##### Pull NavLA Data
The script below scrapes the NavLA site, scraping the following pieces of information

* intersection: The name of the intersection / location
* node_id: The Bureau of Engineering CL_NODE_ID that corresponds to that location
* automatic: A list of filenames for automatic count PDF documents 
* manual: A list of filenames for manual count PDF documents

The final result is a json dump, which will will then import later and use for joining to the BOE intersection and centerline file later.

In [None]:
from lxml import html, etree
import requests
import time
import json

Count_data = []

# Base URL to use for the web scraping
base_url = "http://boemaps.eng.ci.la.ca.us/reports/dot_traffic_data_report.cfm?trafficid="

# Loop through integers, grab all data in range
for i in range(1,9000):
    
    # Metering the requests
    time.sleep(.1)
    
    # The dictionary to hold the final data
    d = {}
    
    # Make the request
    url = base_url + str(i)
    page = requests.get(url)
    tree = html.fromstring(page.content)
    
    # Parse the data
    table_info = tree.xpath('//td[@class="tablerecord"]/text()')
    if len(table_info) > 0:

        # Parse the Node ID
        node_id = tree.xpath('//td[@class="tablerecord"]/text()')[0]
        node_id = node_id.replace(u'\xa0', u'')

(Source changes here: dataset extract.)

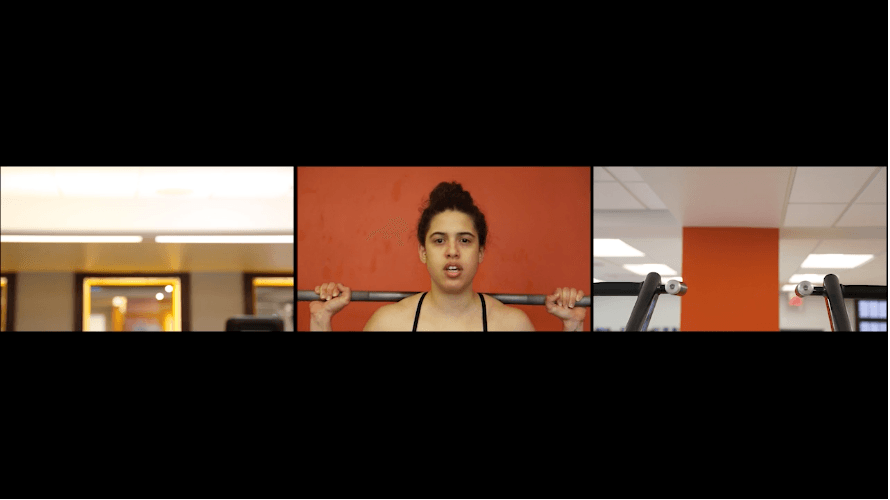 A woman exercises against an orange background in a video still.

        # Parse the Intersection Name
        intersection = tree.xpath('//td[@class="tablerecord"]/text()')[1]
        intersection = intersection.replace(u'\r\n\t\t\t\t\r\n\t\t\t\t\t', u'')
        intersection = intersection.replace(u'\xa0\r\n\t\t\t\t\r\n\t\t\t',u'')

        ##### Automatic Counts
        # Select the table that contains the automatic counts
        automatic_count_table = tree.xpath('//b[text()="Automatic Count"]/../../..')

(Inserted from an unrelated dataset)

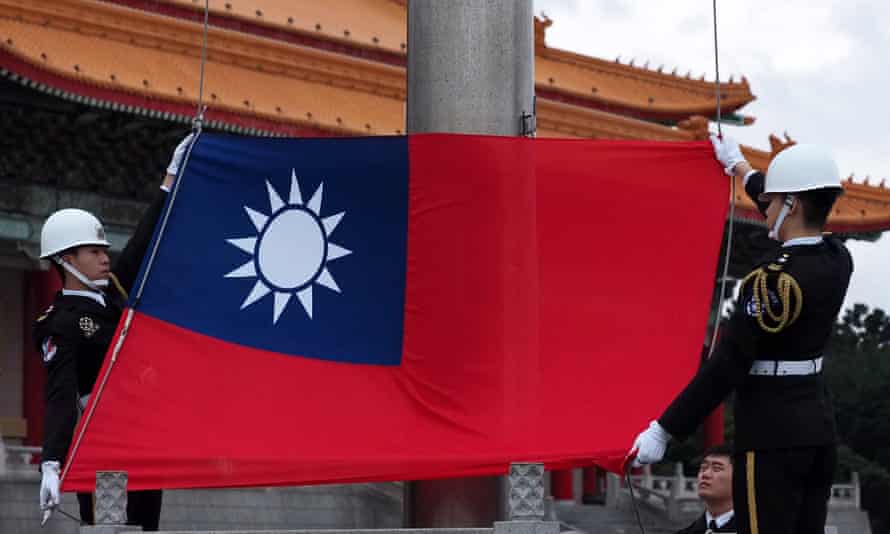 Guards hold a Taiwanese flag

        # If there is at least automatic count PDF, grab filenames
        if len(automatic_count_table) > 0:
            automatic_count_table = etree.XML(etree.tostring(automatic_count_table[0]))
            automatic_count_pdfs = automatic_count_table.xpath('//a/text()')
            d['automatic'] = automatic_count_pdfs
        else:
            d['automatic'] = []

        ##### Manual Counts
        # Select the table that contains manual counts
        manual_count_table = tree.xpath('//b[text()="Manual Count"]/../../..')

        # If there is at least manual count PDF, grab filenames
        if len(manual_count_table) > 0:
            manual_count_table = etree.XML(etree.tostring(manual_count_table[0]))
            manual_count_pdfs = manual_count_table.xpath('//a/text()')
            d['manual'] = manual_count_pdfs
        else:
            d['manual'] = []

        d['node_id'] = node_id
        d['intersection'] = intersection
        Count_data.append(d)

with open('data/TrafficCountFileStructure/navLAdump.txt', 'w') as outfile:
    json.dump(Count_data, outfile)

    # Verify
print(Count_data)


##### Load NavLA Data
Now that we have the data pulled from Navigate LA, let's load it. I'll make some slight modificatons to the json data structure before we can bring it into a pandas data frame and join to the rest of the data.

In [15]:
import json
import pandas as pd

# Lcoation of the json file
traffic_count_file = 'data/TrafficCountFileStructure/navLAdump.txt'

# Load json
with open(traffic_count_file) as f:
    traffic_count_files = json.load(f)

# New list data structure
count_files = []
count_files_labels = ['cl_node_id','location','type','file']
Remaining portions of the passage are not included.